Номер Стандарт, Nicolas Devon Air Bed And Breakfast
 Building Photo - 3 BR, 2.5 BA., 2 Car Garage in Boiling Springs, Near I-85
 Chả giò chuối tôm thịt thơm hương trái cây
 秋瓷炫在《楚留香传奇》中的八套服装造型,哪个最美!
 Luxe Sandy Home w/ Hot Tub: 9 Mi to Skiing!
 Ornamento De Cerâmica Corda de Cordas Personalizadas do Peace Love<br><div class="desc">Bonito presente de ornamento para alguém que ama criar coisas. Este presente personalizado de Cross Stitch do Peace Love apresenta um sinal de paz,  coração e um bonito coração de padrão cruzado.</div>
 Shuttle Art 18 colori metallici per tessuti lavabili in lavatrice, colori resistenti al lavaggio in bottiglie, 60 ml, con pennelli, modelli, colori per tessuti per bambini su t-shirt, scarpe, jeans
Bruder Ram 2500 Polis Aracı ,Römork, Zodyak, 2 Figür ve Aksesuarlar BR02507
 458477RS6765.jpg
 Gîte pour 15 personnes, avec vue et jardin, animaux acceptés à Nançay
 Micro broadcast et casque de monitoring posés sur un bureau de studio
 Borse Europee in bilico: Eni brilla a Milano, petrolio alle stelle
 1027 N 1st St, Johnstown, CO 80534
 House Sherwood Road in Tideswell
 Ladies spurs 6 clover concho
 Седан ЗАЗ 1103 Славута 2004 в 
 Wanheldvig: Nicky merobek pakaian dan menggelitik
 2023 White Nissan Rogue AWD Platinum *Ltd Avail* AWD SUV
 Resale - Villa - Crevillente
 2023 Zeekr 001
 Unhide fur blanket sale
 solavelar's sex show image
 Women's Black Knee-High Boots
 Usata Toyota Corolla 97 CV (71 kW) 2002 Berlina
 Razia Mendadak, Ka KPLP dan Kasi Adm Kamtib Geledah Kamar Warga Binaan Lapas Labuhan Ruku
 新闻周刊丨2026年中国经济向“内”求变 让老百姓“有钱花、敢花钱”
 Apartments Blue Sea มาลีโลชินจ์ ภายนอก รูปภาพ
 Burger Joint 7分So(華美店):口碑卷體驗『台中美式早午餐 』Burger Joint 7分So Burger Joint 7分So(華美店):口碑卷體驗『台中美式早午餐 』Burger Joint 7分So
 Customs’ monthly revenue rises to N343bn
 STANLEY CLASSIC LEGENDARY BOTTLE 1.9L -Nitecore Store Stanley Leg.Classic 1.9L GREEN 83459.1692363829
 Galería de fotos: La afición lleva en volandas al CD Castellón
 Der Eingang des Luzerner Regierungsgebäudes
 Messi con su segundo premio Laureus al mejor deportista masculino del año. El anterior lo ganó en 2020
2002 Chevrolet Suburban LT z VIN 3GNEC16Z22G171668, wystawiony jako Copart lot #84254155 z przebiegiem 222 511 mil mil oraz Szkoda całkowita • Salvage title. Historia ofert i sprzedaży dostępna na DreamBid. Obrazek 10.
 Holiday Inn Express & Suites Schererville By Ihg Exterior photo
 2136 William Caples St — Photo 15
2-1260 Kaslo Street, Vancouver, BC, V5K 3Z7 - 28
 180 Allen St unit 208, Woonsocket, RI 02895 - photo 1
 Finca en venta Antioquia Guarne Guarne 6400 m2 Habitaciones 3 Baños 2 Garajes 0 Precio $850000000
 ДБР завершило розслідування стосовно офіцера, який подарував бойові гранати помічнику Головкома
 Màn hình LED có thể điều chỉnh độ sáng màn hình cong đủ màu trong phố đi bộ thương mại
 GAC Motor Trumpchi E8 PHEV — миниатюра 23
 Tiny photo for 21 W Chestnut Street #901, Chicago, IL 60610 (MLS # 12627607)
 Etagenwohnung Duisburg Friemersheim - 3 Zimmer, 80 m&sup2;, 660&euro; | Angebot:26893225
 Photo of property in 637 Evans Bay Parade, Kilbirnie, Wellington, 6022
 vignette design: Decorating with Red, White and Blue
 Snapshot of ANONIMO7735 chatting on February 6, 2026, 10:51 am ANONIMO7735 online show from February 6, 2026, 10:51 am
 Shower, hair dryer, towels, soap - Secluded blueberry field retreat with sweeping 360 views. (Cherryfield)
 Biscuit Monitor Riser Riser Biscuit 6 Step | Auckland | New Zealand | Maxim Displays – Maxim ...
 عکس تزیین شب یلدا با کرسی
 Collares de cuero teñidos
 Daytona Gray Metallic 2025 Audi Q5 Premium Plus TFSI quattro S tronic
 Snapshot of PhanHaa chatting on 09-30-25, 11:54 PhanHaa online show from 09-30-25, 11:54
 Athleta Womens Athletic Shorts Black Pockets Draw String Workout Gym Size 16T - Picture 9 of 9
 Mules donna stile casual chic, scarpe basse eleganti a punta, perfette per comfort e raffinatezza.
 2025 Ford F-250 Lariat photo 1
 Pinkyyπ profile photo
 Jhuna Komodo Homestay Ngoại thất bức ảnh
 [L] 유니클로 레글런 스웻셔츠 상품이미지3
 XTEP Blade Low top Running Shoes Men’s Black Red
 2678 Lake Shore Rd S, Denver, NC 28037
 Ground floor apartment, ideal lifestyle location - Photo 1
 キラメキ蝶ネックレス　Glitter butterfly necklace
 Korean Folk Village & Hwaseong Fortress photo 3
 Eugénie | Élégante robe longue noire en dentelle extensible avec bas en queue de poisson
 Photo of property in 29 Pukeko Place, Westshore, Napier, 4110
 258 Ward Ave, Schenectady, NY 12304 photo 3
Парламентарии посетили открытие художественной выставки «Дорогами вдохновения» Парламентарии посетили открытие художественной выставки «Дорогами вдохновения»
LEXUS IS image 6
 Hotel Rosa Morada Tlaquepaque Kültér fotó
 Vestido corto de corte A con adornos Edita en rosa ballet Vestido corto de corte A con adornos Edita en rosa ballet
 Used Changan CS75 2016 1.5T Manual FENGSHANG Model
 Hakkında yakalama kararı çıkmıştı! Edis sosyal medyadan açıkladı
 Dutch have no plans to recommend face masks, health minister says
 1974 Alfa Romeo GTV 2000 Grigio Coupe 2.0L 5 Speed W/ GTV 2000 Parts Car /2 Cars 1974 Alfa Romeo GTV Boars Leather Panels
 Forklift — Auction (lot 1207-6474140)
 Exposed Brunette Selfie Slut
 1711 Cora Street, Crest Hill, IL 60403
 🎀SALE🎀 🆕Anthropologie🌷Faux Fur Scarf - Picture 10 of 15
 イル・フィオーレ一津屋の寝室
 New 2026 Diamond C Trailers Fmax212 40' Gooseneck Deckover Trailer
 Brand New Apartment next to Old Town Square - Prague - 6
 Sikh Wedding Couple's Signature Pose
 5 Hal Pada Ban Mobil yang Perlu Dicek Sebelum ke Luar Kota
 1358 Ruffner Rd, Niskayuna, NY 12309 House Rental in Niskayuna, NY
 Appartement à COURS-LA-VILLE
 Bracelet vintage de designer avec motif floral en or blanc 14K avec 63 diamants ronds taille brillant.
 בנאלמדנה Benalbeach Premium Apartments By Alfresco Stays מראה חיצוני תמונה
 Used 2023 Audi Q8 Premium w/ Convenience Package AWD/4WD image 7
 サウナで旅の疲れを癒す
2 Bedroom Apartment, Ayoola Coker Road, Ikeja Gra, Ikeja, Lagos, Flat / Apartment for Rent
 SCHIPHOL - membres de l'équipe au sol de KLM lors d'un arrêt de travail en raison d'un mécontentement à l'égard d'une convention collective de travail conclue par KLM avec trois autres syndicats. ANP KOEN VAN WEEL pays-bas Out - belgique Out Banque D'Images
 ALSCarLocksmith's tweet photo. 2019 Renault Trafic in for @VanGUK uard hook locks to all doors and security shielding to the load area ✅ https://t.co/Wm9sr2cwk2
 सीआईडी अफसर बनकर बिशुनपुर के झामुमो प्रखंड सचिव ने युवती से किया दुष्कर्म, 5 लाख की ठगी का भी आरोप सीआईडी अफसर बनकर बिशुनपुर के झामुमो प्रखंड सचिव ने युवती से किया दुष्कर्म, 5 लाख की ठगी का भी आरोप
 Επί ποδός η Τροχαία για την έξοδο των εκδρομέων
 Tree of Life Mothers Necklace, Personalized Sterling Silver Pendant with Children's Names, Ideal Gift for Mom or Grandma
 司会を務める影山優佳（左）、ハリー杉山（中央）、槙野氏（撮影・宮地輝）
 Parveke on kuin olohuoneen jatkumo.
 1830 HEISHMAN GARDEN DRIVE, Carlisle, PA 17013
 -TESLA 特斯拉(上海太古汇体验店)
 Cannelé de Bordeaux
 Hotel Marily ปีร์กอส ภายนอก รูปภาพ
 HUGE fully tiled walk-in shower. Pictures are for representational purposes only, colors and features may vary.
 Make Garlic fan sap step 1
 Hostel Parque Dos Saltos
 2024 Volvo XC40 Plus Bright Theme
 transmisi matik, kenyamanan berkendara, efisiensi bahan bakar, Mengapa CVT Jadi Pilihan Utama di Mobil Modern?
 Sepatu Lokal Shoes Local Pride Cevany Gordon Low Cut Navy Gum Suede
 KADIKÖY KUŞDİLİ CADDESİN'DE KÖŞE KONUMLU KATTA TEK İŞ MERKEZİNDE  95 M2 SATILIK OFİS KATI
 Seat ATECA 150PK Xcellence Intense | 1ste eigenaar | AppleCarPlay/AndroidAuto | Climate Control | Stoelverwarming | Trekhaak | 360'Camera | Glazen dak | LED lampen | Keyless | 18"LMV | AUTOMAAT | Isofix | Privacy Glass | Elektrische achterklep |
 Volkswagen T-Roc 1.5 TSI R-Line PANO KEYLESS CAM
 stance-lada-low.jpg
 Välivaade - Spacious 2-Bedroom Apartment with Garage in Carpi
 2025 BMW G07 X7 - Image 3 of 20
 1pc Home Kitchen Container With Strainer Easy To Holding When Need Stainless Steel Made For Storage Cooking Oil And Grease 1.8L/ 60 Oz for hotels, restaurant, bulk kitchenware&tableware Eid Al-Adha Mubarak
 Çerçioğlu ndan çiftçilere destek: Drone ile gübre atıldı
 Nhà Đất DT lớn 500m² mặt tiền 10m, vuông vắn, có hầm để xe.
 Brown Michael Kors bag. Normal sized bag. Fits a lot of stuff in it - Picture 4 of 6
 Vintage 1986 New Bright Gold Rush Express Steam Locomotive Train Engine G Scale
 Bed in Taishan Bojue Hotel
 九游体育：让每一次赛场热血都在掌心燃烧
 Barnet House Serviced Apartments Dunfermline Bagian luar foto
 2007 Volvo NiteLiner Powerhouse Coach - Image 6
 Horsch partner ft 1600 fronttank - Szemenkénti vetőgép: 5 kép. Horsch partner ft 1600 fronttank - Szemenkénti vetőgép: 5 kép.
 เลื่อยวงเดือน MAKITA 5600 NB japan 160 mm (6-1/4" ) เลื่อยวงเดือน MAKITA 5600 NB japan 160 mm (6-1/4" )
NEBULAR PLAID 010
******************************
Task: Start at the line containing "2024 Volvo XC40 Plus Bright Theme" and copy each line through the last one in the records, exactly and with nothing added.

Task answer:
 2024 Volvo XC40 Plus Bright Theme
 transmisi matik, kenyamanan berkendara, efisiensi bahan bakar, Mengapa CVT Jadi Pilihan Utama di Mobil Modern?
 Sepatu Lokal Shoes Local Pride Cevany Gordon Low Cut Navy Gum Suede
 KADIKÖY KUŞDİLİ CADDESİN'DE KÖŞE KONUMLU KATTA TEK İŞ MERKEZİNDE  95 M2 SATILIK OFİS KATI
 Seat ATECA 150PK Xcellence Intense | 1ste eigenaar | AppleCarPlay/AndroidAuto | Climate Control | Stoelverwarming | Trekhaak | 360'Camera | Glazen dak | LED lampen | Keyless | 18"LMV | AUTOMAAT | Isofix | Privacy Glass | Elektrische achterklep |
 Volkswagen T-Roc 1.5 TSI R-Line PANO KEYLESS CAM
 stance-lada-low.jpg
 Välivaade - Spacious 2-Bedroom Apartment with Garage in Carpi
 2025 BMW G07 X7 - Image 3 of 20
 1pc Home Kitchen Container With Strainer Easy To Holding When Need Stainless Steel Made For Storage Cooking Oil And Grease 1.8L/ 60 Oz for hotels, restaurant, bulk kitchenware&tableware Eid Al-Adha Mubarak
 Çerçioğlu ndan çiftçilere destek: Drone ile gübre atıldı
 Nhà Đất DT lớn 500m² mặt tiền 10m, vuông vắn, có hầm để xe.
 Brown Michael Kors bag. Normal sized bag. Fits a lot of stuff in it - Picture 4 of 6
 Vintage 1986 New Bright Gold Rush Express Steam Locomotive Train Engine G Scale
 Bed in Taishan Bojue Hotel
 九游体育：让每一次赛场热血都在掌心燃烧
 Barnet House Serviced Apartments Dunfermline Bagian luar foto
 2007 Volvo NiteLiner Powerhouse Coach - Image 6
 Horsch partner ft 1600 fronttank - Szemenkénti vetőgép: 5 kép. Horsch partner ft 1600 fronttank - Szemenkénti vetőgép: 5 kép.
 เลื่อยวงเดือน MAKITA 5600 NB japan 160 mm (6-1/4" ) เลื่อยวงเดือน MAKITA 5600 NB japan 160 mm (6-1/4" )
NEBULAR PLAID 010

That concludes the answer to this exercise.